══ PROVIDED DATA ══

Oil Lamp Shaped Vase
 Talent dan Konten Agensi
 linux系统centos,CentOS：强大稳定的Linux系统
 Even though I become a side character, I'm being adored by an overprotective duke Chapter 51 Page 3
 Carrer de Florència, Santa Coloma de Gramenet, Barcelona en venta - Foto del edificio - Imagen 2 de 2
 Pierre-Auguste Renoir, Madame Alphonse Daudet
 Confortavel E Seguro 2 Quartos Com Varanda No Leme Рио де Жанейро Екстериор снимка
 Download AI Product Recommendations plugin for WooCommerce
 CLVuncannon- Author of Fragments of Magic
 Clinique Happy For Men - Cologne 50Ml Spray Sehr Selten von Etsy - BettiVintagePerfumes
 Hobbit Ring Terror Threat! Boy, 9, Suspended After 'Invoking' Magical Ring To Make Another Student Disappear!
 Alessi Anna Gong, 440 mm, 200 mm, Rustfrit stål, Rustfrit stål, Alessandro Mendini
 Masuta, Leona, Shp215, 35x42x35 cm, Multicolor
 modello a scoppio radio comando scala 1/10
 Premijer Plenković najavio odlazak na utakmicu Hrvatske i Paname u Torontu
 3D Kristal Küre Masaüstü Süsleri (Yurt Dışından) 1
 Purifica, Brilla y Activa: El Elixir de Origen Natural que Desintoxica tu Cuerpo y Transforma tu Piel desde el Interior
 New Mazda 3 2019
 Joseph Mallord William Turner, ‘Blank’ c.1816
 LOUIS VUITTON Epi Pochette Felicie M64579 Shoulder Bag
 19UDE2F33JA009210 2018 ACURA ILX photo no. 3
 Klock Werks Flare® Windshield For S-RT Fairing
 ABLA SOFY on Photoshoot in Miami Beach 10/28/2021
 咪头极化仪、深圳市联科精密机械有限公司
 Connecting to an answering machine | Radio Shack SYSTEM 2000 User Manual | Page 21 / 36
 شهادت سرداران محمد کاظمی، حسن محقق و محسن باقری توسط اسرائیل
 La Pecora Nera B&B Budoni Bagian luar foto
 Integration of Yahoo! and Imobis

═══

> [TO DO]:
In your answer, include only the lines above starting at the line that holds "New Mazda 3 2019" and ending at the line that holds "Connecting to an", copied exactly.

> [RESULT OF THIS TASK]:
 New Mazda 3 2019
 Joseph Mallord William Turner, ‘Blank’ c.1816
 LOUIS VUITTON Epi Pochette Felicie M64579 Shoulder Bag
 19UDE2F33JA009210 2018 ACURA ILX photo no. 3
 Klock Werks Flare® Windshield For S-RT Fairing
 ABLA SOFY on Photoshoot in Miami Beach 10/28/2021
 咪头极化仪、深圳市联科精密机械有限公司
 Connecting to an answering machine | Radio Shack SYSTEM 2000 User Manual | Page 21 / 36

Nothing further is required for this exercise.